Diese Illusion hatten allerdings viele Armutsbetroffene nicht, die schon 2004 gegen die von einer Regierung aus SPD und Grünen auf den Weg gebrachten Hartz IV-Gesetze auf die Straße gegangen waren. Auf diese Proteste vor 20 Jahren ging ein Besucher aus dem Publikum ein – Schneider erwähnte sie von sich aus nicht. Dafür ging er ausgiebig auf das Scheitern der Proteste gegen Teuerung und Inflation im Herbst 2022 ein, an denen er selber beteiligt war.
Warum der Solidarische Herbst floppte
Ausführlich schilderte Schneider, wie er am 22. Oktober 2022 zum Auftakt des "Solidarischen Herbstes", der neben dem Paritätischen Wohlfahrtsverband auch von vielen anderen NGOs und Gewerkschaften ausgerufen worden war, in Berlin auf einer großen Bühne vor knapp 5.000 Menschen gesprochen hatte.
Für Schneider war es "ein absoluter Tiefpunkt meines politischen Lebens", der sich ihm eingeprägt habe. Dabei wollte man alles besser machen als Die Linke, die bereits früher im Jahr 2022 in Leipzig zum "Heißen Herbst" mit größtenteils gleichem Inhalt aufgerufen hatte. Doch davor gab es viel Streit um Termine und Aufrufe.
Eine gründliche Analyse der Gründe für die mangelnde Beteiligung von Armutsbetroffenen findet sich allerdings bei Schneider nicht. Dafür äußert er noch immer sein Unverständnis, warum nach drei Jahren Krise die Massen nicht auf die Straße gingen.

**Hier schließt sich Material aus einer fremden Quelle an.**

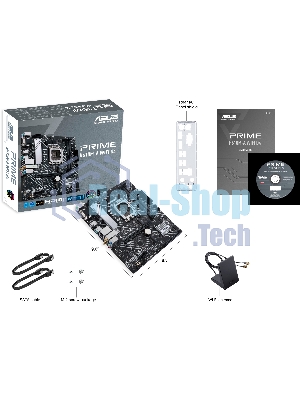 Материнская плата ASUS PRIME H610M-A WIFI D4, LGA 1700, Intel H610, 2xDDR4, 4xSATA, 2xM.2, 1xPCI-E 4.0 x16, 1xHDMI, 1xDisplayPort, 1x 1Gb LAN, 2xUSB-A 3.2 Gen 2, 4xUSB-A 2.0, 3x3.5 мм, 7.1, Micro-ATX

Auf einen Hinweis aus dem Publikum, dass der langjährige Erwerbslosenaktivist Harald Rein eine plausible Erklärung dafür gegeben hat, ging Schneider nicht ein.
Rein hatte die Frage gestellt, warum sich arme Menschen nach den Terminen richten sollten, die Parteienvertreter oder auch selbsternannte Lobbyistin der Armen für Proteste vorgeben. Das hätte auch eine Frage sein können, die Schneider interessiert. Doch das war nicht der Fall, wie sich bei der Veranstaltung zeigte.
Klischee: Kaputte Menschen, um die man sich kümmern muss
Das ist auch nicht verwunderlich, denn Schneider erklärt offen, dass arme Menschen zu kaputt seien, um auf die Straße gehen. Denen könne man erst mit politischen Fragen kommen, wenn man sich um die gekümmert habe.
Das mag für einen Teil der armen Menschen zutreffen. Aber sind nicht viele Menschen von der Lohnarbeit kaputt und engagieren sich gerade deshalb für Verbesserungen? Und sind nicht auch viele arme Menschen vor 20 Jahre auch ohne den Segen der Parteien und der selbsternannten Armutslobbyisten gegen Hartz IV auf die Straße gegangen?
Damals waren genau die Menschen auf der Straße, die Schneider im Herbst 2022 vermisste. Dass Schneider diese Einwände nicht interessierten, macht einmal mehr deutlich, dass neben dem Sozialchauvinismus auch die selbsternannten Lobbyisten für den Kampf armer Menschen eher ein Problem sind. Dass bei der Diskussion am Montag kein einziges Mal die Worte Sozialchauvinismus und Kapitalismus gefallen sind, dürfte dann auch nicht verwundern.
Der Autor hat mit Anne Seeck Harald Rein und Gerhard Hanloser das Buch "Klassenlos: Sozialer Widerstand von Hartz IV bis zu den Teuerungsprotesten" im Verlag die Buchmacherei herausgegeben.